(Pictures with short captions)

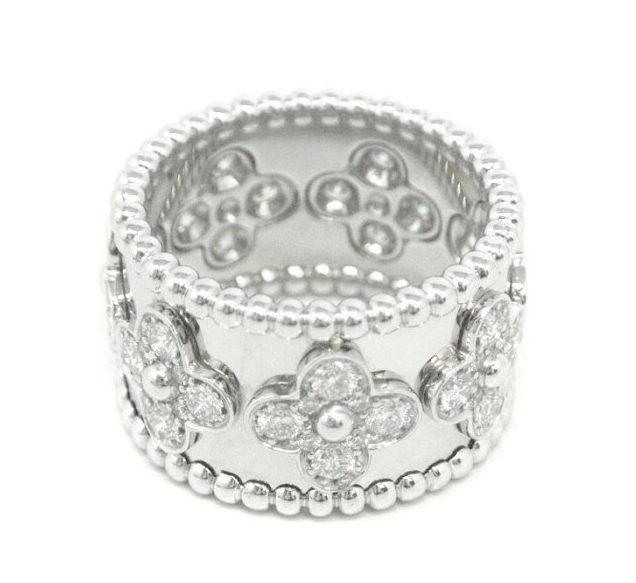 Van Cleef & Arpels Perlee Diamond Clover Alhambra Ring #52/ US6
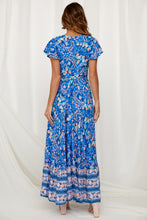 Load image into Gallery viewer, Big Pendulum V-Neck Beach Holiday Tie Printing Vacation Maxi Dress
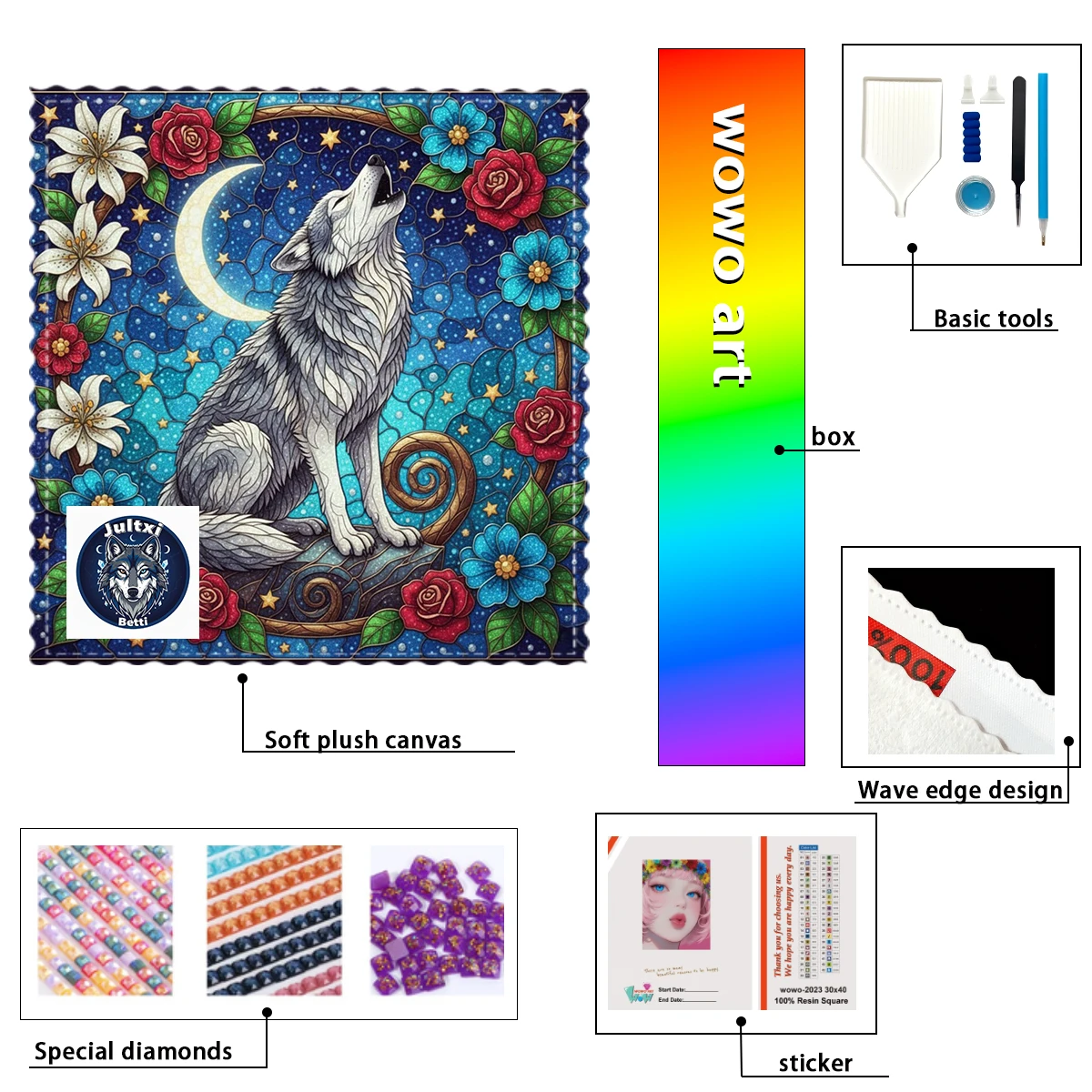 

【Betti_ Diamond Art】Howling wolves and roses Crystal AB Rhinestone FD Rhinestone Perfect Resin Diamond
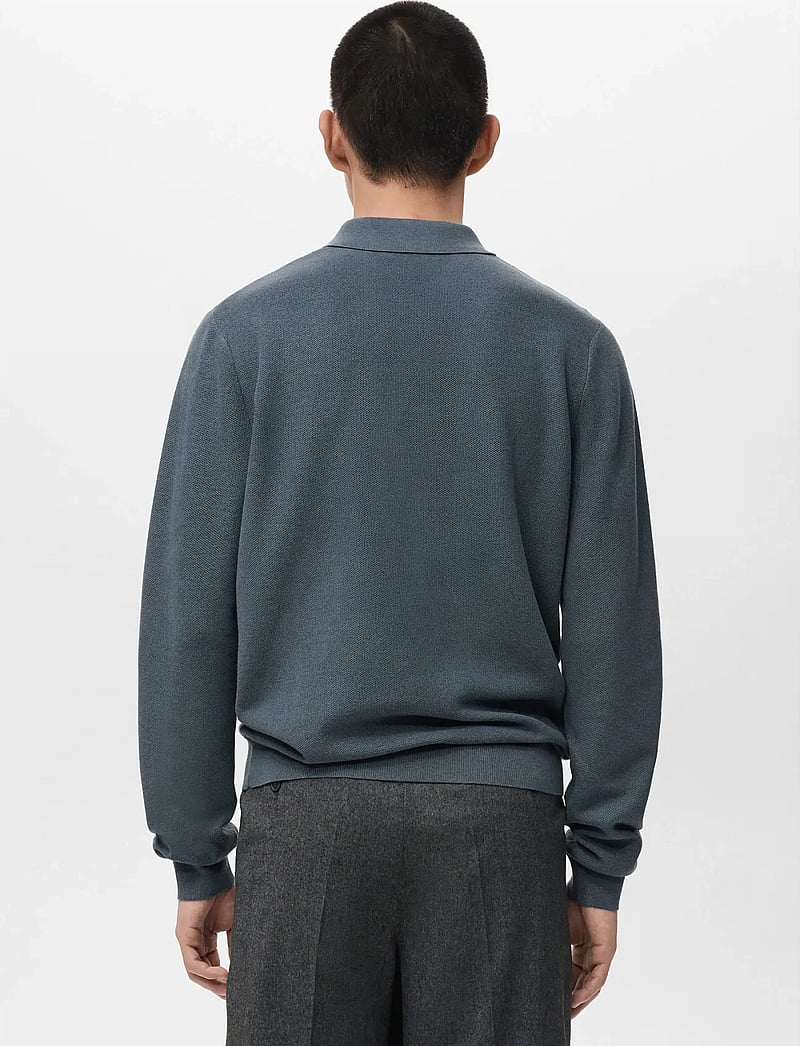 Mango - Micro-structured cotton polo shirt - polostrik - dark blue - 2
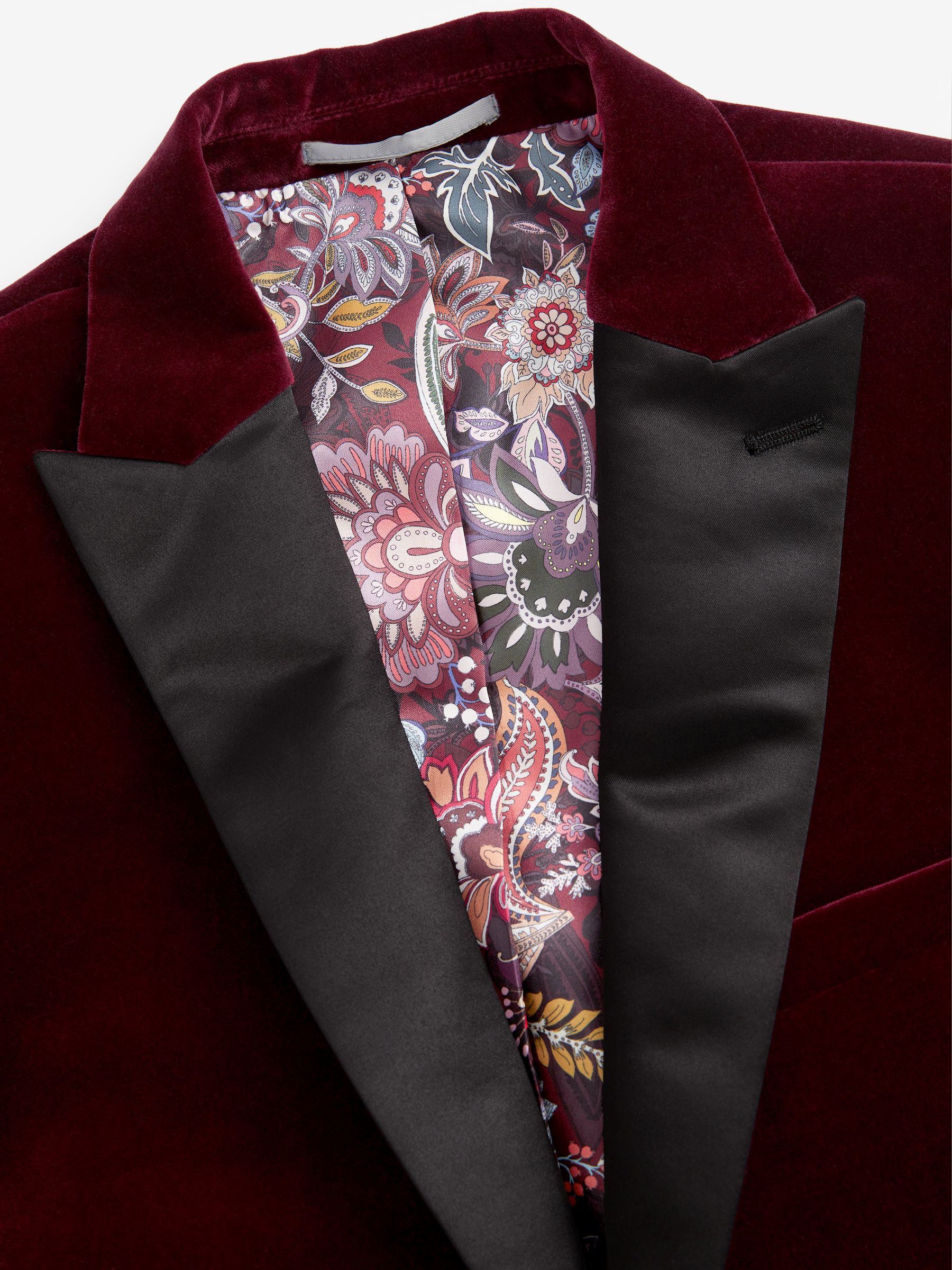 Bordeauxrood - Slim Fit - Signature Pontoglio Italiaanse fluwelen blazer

* Your assignment
Print every entry verbatim and leave all pictures out.

* Exercise solution
 Van Cleef & Arpels Perlee Diamond Clover Alhambra Ring #52/ US6
 Load image into Gallery viewer, Big Pendulum V-Neck Beach Holiday Tie Printing Vacation Maxi Dress

【Betti_ Diamond Art】Howling wolves and roses Crystal AB Rhinestone FD Rhinestone Perfect Resin Diamond
 Mango - Micro-structured cotton polo shirt - polostrik - dark blue - 2
 Bordeauxrood - Slim Fit - Signature Pontoglio Italiaanse fluwelen blazer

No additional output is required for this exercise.